I did my first prospective clinical trial in 1997 and despite having a waiting room packed with patients, had to put ads in the Houston paper and go on radio talk shows to find patients HEALTHY enough with wounds superficial enough to participate in the trial. (Yes, in 1997, before the Internet, people read the newspaper and listened to the radio…)
In 2017, we looked at this in a consortium of clinics being managed by the Serena Group that were also performing several prospective trials in diabetic foot ulcers (DFUs) and venous leg ulcers (VLUs). We compared the characteristics of real patients/wounds being treated in those clinics with the exclusion criteria for subjects enrolled in the trials they were performing (see tables).

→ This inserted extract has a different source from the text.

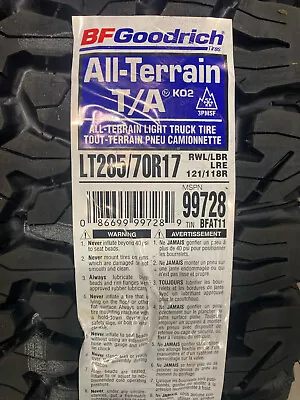 $629 • Buy 2 New LT 285 70 17 LRE 10 Ply BFGoodrich All Terrain T/A KO2 Tires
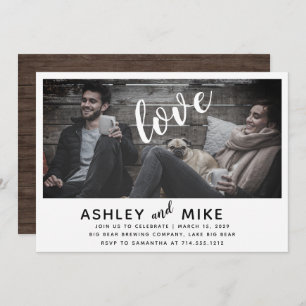 Rustic Chic Wood Photo Engagement Invitation de la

The real world DFUs were much worse and the real patients were far sicker. The real VLUs were larger and those patients were sicker than the subjects enrolled. Dr. Marissa Carter and I began talking about this disconnect in 2009 when we performed a study demonstrating that the majority of patients seen in wound centers would have been excluded from participation in every prospective clinical trial that had been published over the previous decade.
Check out the podcast about this ongoing problem – an interview with Deb Borfitz. I am grateful for Deb’s interest in this issue.
A news article about the realities of chronic wound research was just released in Clinical Research News.
The non-generalizability of clinical trials is the reason Intellicure has spent the last 25 years developing real world evidence to the point it can be reliably used to understand what really happens to patients with chronic wounds and product effectiveness in the real world.